▶ ASSIGNMENT:
The answer should contain only the lines from the beginning of the entries through the line that holds "110 E Columbia Ave, Davenport, IA 52803", given again exactly, with no pictures.
##### DATA FOR REVIEW
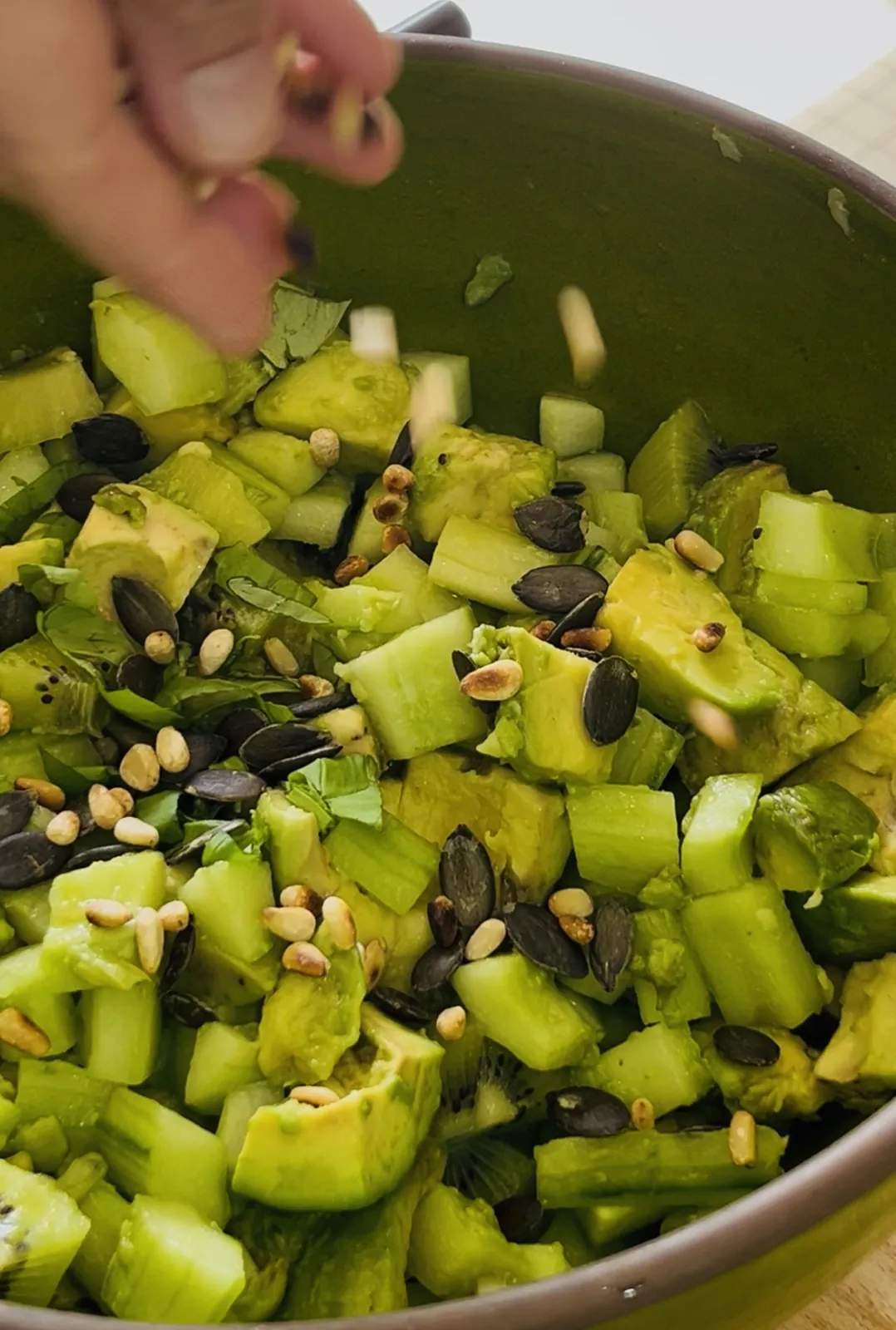 Salade de concombre croquante aux graines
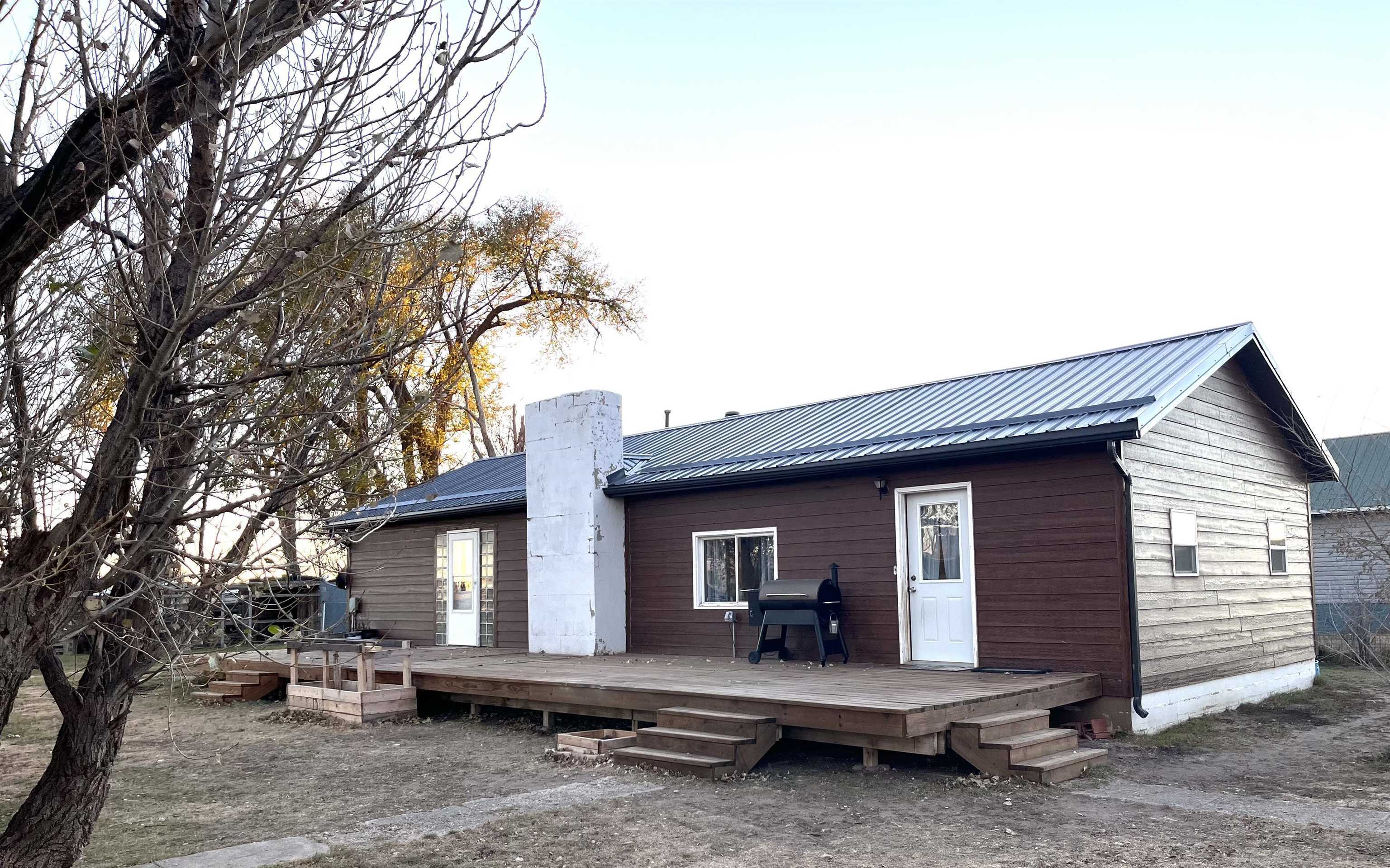 Property Photo: 207 Smithwick Road SD 57782-9999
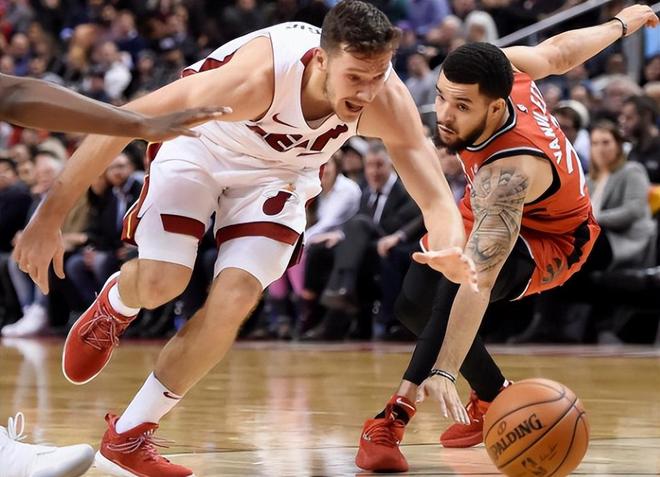  快船进攻效率高达1416 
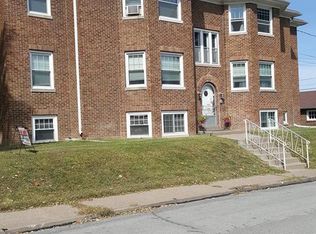 110 E Columbia Ave, Davenport, IA 52803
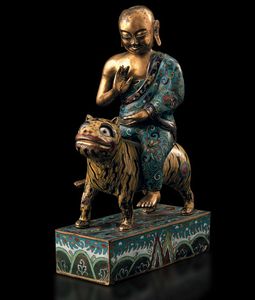 Gruppo a smalti cloisonn raffigurante saggio su tigre, Cina, Dinastia Qing, epoca Qianlong (1736-1796)  - Asta Fine chinese works of art - Associazione Nazionale - Case d'Asta italiane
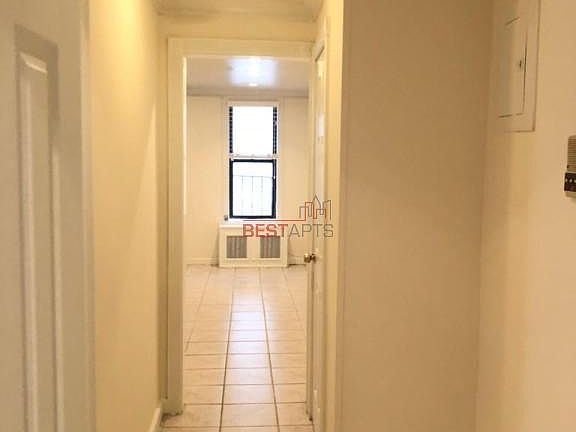 3rd image of 107 E 89th St APT 5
##########
▶ FINAL ANSWER:
 Salade de concombre croquante aux graines
 Property Photo: 207 Smithwick Road SD 57782-9999
  快船进攻效率高达1416 
 110 E Columbia Ave, Davenport, IA 52803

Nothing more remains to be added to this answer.